大阪大学基礎工学部システム工学科、山本博之氏画像
大阪大学基礎工学部システム工学科、山本博之氏

開発動機

 Emacs系メールクライアントに対し、

  • 設定が面倒
  • 重い
  • Emacsを立ち上げなければならない

といった不満があり、GUIを使用したメールクライアントには、

  • インターフェース的に気に入ったものがなかった
  • スレッド表示できないものが多い
  • ほかのメールクライアントとの共存を考慮していないものが多い
  • キーボードのみで操作することを考慮されていない
  • Netscape Messengerは不安定

など、いろいろと不満があった。やはり、自分の欲しいものは自分で作ろうと思い立ち、

  • 上記の不満の解消
  • 容易な設定
  • 徹底的なカスタマイズ

などを可能とし、なおかつ、それを美しいコードで実現するべく、開発を開始したという。

「Sylpheed」画像
「Sylpheed」の画面

「Sylpheed」とは

 「Sylpheed」は、電子メールクライアント兼ニュースリーダーで、

  • X Window System上で動作、GTK+を使用
  • 複数アカウント対応
  • スレッド表示
  • メールの自動/手動振り分け機能
  • XMLベースのアドレス帳
  • 新着、未読管理
  • ニュースリーダー機能(閲覧のみ)
  • メールやニュースのメッセージをMH形式で管理
  • APOP対応
  • gettextによるメッセージの国際化
  • ライセンスはGPL(GNU General Public License)

といった特徴を持っている。

 「Sylpheed」という名前は、某ゲームやマンガとは関係なく、空気の精という意味の、「sylph」という単語の派生語のようなもの。風のように軽快な動作、空気のように自然な操作感にしたい、という意味を込めてある。

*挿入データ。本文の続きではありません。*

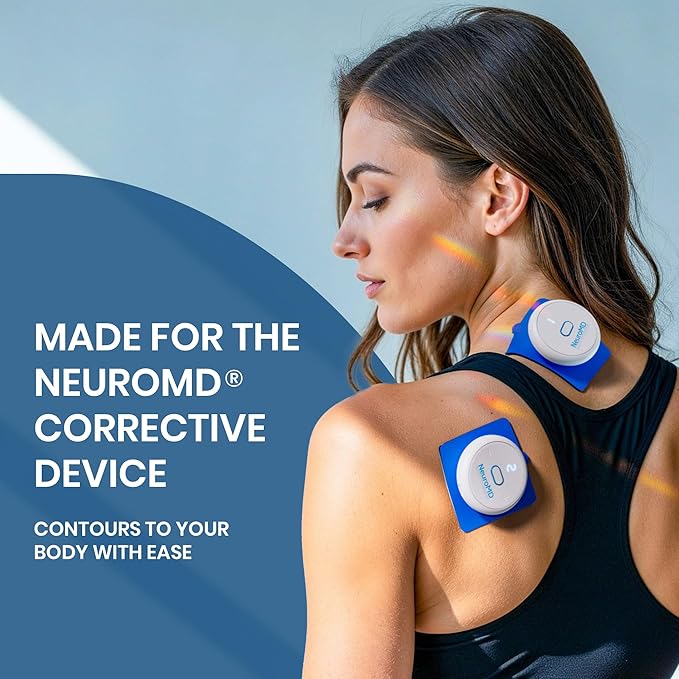 NeuroMD 2-Pack Square Replacement TENS Unit Electrode Pads for Wireless Muscle Stimulator & Pain Relief - Reusable 30 Times | Snap-On Connector | Compatible with Whole Body Corrective Therapy Device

 外観やインタフェースは、Windowsでは定番のメールクライアントの「Outlook Express」、「Becky! Internet Mail」などを参考にしている。また、操作系は「Mew」や「Wanderlust」等の Emacs系メールクライアントを参考にした。

 特にユニークな機能として、

「サブジェクトで寄せる」機能
スレッドが切れてしまうような場合に、同じサブジェクトのメッセージを1カ所にまとめることができる
全角文字で書かれた英数字を半角英数字に変換
全角文字の英数字が読みやすくなる
XMLフォーマットを使用したアドレス帳
ほかのアプリケーションで利用可能になる可能性あり
Emacs系メールクライアントと同様の操作感
「Mew」や「Wanderlust」からの移行、併用が可能

がある。

 現在のバージョンは0.3.2。動作環境としては、LinuxなどのUNIX系OSで、GTK+ 1.2.6以降が必要となっている。次のバージョンでFreeBSDへの対応を予定している。

将来の目標

 将来的に実装していきたいと思っているのは、

  • さらなる高速化を目指す
  • マルチパートMIMEのインライン表示
  • 通信部分のマルチスレッド化
  • 完全な国際化
  • IMAP4対応
  • SSL、IPv6への対応
  • PGP、GnuPG対応
  • GNOME対応

などを考えている。


 質疑応答の時間に、「メールなどの検索の時に、Namazuを使用した全文検索ができると、幸せになる人が多いと思うのですが」と質問したところ、「今後の予定の中に入れておきます」と力強いお返事をいただいた。「Sylpheed」の今後に期待したい。